Rollout of the new Primary Care Alberta agency — and the rest of the UCP government’s reorganization and break up of Alberta Health Services into four agencies — is coming at a delicate juncture for health-care professionals.
Some fear chaos is in the wings after Tuesday’s announcement by Health Minister Adriana LaGrange.
Alberta Union of Public Employees vice-president Sandra Azocar said Wednesday the news leaves key questions unanswered for AUPE’s 62,000 members on the front lines of Alberta health care.
“It’s creating four new levels of bureaucracy within our health care system, potentially different ministries, and how all these four agencies will communicate without having people fall through the cracks will be a task in itself, and so definitely a concern in terms of how these changes will impact delivery of health care,” Azocar said.
Just announced, the Nov. 1 changeover to Primary Care Alberta happens as negotiations are at an impasse at all the health care tables without movement by the UCP government, Azocar said.
“The uncertainty in terms of human resources is huge. We don’t have enough doctors, we don’t have enough frontline workers right now to be able to provide those services. So where are they going to be getting that without actually having dealt with those issues before they make these such huge changes to our health care?”
Azocar said the government took advantage of the anger Albertans feel when they have to wait 12 hours in an emergency room, or when they have to wait years for surgery, or when they don’t have access to a family doctor.
“Instead of dealing with the core issues behind some of these things that we’re seeing in our health care, they’ve gone a completely different direction that is not capturing what Albertans have told them in their review of the health care system — and basically they’re moving incredibly fast in making changes that are going to be impacting one of the most essential services that we provide as a province, which is health care,” she said.
New physician pay model stalled
The Alberta Medical Association has been in talks with the UCP government for one year.
In November 2023, Premier Danielle Smith and the AMA signed a memorandum of understanding to work on a new agreement.
Then in spring, there was an announcement that they had come up with “the framework for a new model,” but it had to go for a rate review, then back to LaGrange’s desk, and then to Treasury Board.
It still needs to be walked down to the Treasury Board.
Asked how Primary Care Alberta can solve the complex primary care puzzle without a new physician payment model in place, LaGrange said Tuesday she wanted to clarify there was an agreement signed with AMA members two years ago, and it was expected to last four years.
“The negotiations that we’ve been doing on developing the new physician primary care compensation model really is off the regular cycle of negotiations with physicians,” LaGrange said, reminding media of a 2023 infusion of funds to help struggling physician businesses.
“But I also want to remind everyone that just last November, I also dedicated an additional $257 million to stabilize primary care while we were working towards the new model and bringing that forward. And so $157 million of that has been already allocated out to family medicine this year, and there’s another $100 million allocated for next year. So as we continue to support primary care, there’s a lot of work that has to be done with a lot of health care professionals, including primary care physicians, to make sure this new agency gets up and running,” LaGrange said.
Some $200 million of the stabilization funds LaGrange mentioned were federal dollars, distributed by the provincial government, and the remaining $57 million had been attached to the Modernizing Alberta’s Primary Health Care System initiative in the last budget, AMA president Dr. Shelley Duggan said.
“Yes, we are currently in an agreement that has not kept up with inflation and population growth and, as we all know, the health care system is in crisis.

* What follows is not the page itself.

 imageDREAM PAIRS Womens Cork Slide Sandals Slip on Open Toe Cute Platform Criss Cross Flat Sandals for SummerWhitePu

Yes, she is stating a fact, we have an agreement, but it is not doing what we need it to do,” Duggan said.
Specifics to come
Asked Tuesday how staffing would be affected with the new Primary Care Alberta agency, LaGrange said talk of transfers is premature.
“(New CEO) Dr. Kim Simmonds has a lot of work ahead of her to set up the agency and make sure that she’s connecting with the primary care network, with the primary care clinics that are happening across the province. There’s just a lot of work that she’s got ahead of her. So to talk about any transfers is very premature,” she said.

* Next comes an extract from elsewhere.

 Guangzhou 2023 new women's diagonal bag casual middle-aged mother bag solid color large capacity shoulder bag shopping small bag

A few specifics were mentioned in a list of long-term priorities, including “funding primary care networks that bring practitioners together to implement provincial initiatives and address regional needs” and “developing chronic disease care models to reduce the burden of chronic disease on patients and the health care system.”

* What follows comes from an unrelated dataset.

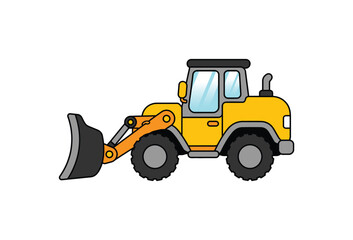 Fototapeta premium Yellow Front Loader Construction Vehicle Cartoon Illustration.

LaGrange promised more details would be forthcoming on a public-facing website.
“I really believe it’s important for us to be transparent and to be able to share what’s happening and make sure that Albertans know,” LaGrange said.
The health system is being broken up into four organizations — Recovery Alberta (addiction and mental health), Primary Care Alberta, acute care and continuing care, plus a monitoring organization, but LaGrange said integration between them so they function together is key.
“Primary care still needs to be able to intersect very closely with acute care, continuing care and, of course, Recovery Alberta as well,” LaGrange said.